Leo en la revista Hoyesarte un artículo sobre Oliver Sacks firmado por el farmacéutico Pepe González Núñez, y me quedo enganchada. Un neurólogo, divulgador científico y escritor que falleció hace un lustro dejando escritos más de cien libros sobre el funcionamiento del cerebro.
De toda su obra, Despertares es el título más conocido, quizá porque fue llevado al cine. Una historia extraordinaria sobre las consecuencias de la epidemia de encefalitis letárgica. La enfermedad se presentó cuando la neurología estaba dando sus primeros pasos, entre 1917 y 1928. Ya Hipócrates había descrito un cuadro parecido al que denominó lethargus, con síntomas de fiebre, temblores, debilidad física, siempre con conservación de la conciencia, que afectaba a individuos mayores de 25 años en épocas frías y podía ocasionar la muerte por pulmonía.
En 1917, las cifras de afectados comienzan a ser inquietantes. Tras observar algunos casos en una clínica psiquiátrica, el barón austriaco Constantin von Economo describió un cuadro con aspectos clínicos y patológicos que lleva su nombre, y afirmó que la enfermedad no era nueva.
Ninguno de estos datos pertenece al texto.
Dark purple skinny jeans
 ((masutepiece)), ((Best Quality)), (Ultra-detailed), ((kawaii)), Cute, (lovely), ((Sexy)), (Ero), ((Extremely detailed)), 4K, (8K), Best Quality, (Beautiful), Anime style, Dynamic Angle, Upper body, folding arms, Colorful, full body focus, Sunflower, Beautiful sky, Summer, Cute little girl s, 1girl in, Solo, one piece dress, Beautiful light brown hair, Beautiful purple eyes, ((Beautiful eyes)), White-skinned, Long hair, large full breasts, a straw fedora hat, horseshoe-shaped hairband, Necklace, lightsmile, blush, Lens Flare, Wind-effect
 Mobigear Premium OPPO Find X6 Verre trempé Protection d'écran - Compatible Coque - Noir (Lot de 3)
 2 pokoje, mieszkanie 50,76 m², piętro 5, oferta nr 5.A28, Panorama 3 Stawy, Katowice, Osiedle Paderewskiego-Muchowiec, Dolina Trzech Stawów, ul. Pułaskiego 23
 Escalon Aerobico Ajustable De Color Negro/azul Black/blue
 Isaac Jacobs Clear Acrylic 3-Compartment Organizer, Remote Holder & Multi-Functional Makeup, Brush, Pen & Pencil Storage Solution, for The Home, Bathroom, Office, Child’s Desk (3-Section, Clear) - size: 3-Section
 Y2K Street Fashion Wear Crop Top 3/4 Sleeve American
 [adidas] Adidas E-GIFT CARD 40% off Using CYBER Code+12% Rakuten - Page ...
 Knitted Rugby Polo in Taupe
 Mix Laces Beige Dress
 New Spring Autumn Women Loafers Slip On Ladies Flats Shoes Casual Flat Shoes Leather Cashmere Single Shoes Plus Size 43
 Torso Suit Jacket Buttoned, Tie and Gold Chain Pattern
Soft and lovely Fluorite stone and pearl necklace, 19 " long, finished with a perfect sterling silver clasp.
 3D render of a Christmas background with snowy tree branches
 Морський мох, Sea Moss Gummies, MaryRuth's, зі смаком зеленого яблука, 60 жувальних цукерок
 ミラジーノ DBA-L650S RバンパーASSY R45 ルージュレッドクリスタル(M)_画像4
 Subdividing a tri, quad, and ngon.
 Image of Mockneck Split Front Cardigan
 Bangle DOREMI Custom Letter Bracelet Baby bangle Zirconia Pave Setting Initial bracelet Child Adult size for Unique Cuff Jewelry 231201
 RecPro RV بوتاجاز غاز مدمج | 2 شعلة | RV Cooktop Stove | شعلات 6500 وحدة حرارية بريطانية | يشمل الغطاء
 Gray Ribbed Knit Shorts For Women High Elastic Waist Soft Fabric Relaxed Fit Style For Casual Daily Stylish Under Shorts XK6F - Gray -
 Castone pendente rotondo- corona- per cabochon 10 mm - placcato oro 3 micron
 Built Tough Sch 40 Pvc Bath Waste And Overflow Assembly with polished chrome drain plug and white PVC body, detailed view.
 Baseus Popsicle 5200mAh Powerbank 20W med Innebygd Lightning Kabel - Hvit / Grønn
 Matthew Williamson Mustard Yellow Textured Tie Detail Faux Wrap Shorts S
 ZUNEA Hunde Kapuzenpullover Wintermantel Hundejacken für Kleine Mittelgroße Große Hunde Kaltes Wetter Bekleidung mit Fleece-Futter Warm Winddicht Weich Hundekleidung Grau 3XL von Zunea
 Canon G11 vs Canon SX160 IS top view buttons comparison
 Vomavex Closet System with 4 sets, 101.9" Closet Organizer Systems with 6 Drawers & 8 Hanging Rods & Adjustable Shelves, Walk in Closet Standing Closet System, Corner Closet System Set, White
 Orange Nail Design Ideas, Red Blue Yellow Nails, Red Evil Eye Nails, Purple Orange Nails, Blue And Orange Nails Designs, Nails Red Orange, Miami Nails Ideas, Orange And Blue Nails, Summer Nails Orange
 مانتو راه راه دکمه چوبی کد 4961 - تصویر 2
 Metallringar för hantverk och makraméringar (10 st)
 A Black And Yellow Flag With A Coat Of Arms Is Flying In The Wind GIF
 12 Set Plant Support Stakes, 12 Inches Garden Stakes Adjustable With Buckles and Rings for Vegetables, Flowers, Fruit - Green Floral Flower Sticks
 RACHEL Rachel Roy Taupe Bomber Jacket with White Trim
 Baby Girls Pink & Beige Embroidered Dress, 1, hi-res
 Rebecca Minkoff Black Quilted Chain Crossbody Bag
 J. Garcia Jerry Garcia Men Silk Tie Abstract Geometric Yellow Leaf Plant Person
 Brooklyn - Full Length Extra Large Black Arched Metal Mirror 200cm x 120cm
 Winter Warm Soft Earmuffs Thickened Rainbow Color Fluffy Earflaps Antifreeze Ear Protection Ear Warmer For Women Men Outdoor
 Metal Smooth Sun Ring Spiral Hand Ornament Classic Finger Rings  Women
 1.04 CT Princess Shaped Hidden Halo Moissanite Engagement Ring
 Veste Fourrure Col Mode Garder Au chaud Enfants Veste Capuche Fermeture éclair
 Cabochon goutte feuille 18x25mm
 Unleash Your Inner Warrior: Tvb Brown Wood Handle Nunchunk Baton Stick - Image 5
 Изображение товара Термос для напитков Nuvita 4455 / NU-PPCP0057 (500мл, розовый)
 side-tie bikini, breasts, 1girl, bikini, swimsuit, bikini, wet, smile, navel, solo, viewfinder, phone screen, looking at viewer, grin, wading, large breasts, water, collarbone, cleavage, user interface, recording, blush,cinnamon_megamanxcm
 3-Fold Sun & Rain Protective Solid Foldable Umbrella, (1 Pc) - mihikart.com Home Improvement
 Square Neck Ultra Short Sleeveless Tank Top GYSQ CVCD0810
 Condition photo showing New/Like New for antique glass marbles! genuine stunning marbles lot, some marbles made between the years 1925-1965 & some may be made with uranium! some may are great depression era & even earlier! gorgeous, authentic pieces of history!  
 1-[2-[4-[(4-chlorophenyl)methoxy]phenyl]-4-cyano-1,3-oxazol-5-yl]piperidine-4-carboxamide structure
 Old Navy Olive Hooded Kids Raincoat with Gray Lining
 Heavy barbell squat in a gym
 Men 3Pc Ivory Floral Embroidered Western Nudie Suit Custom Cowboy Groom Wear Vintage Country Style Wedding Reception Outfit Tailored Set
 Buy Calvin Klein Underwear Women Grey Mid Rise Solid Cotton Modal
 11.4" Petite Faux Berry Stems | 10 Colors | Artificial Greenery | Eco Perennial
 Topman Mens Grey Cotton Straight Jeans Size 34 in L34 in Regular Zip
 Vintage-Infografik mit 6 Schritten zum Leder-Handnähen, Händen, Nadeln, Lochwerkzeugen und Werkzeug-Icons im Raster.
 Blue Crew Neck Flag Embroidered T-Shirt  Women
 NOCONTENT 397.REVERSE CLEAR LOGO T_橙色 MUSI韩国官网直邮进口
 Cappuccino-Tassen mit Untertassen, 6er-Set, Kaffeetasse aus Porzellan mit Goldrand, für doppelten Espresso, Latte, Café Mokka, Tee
Se confirman los síntomas ya conocidos, a los que se agregan parálisis facial y oculomotora, trastornos de conciencia, imperiosa necesidad de dormir y algunos síntomas similares a los de la enfermedad de Parkinson, como mioclonías generalizadas.
Avanza por toda Europa y, a partir de 1920, por el mundo entero. Para entonces, a los movimientos oculares anómalos se agregan rigidez de nuca y trastornos de conducta.
La enfermedad sigue su curso, y algunos pacientes sufren una parálisis generalizada. En 1928, desaparece repentinamente. Quizá porque es una enfermedad rara para una medicina de criterios estrechos, así que fue olvidada y desapareció de forma misteriosa.
En la década de 1960, entra en escena Oliver Sacks, que trabaja en un hospital de Nueva York donde están ingresados 80 pacientes que sobrevivieron a la encefalitis letárgica. Llevan años ingresados allí, como zombis. Algunos parecen congelados o estatuas de cera, clavados en el suelo, sin movimiento.
En algunas entrevistas Sacks hablaba de su niñez, recordando un internado en el que estuvo estudiando y la sensación que sentía de confinamiento e impotencia, pues deseaba movimiento, estar en continuo movimiento, porque eso le daba poder. Y ahora en ese hospital se encuentra de pronto con pacientes que no se mueven. Pasa a la acción con un tratamiento novedoso.
Sacks les trató con L-dopa, precursor de la dopamina. Los pacientes comenzaron a «despertar», recuperándose, pasando poco a poco del estupor a la salud y, en algunos casos, al frenesí. Al retirarles la medicación, sin embargo, volvían a su estado anterior.
Sacks relató esas historias destacando al individuo y su dolor, su vivencia de la enfermedad, dado que eran conscientes de lo que les pasaba.
En palabras del eminente neurólogo, «al examinar la enfermedad, obtenemos sabiduría sobre anatomía, fisiología y biología. Al examinar a la persona enferma, obtenemos sabiduría sobre la vida».
Este singular hombre vivió muy deprisa para poder acabar todo lo que hizo. Un melanoma ocular con metástasis en el hígado acabó con su vida. En su libro de memorias podemos leer: «Por la noche cambia su bata blanca por un traje de cuero de motorista y anónimo, y, como un lobo, pisa el acelerador por la carretera iluminada por la luna».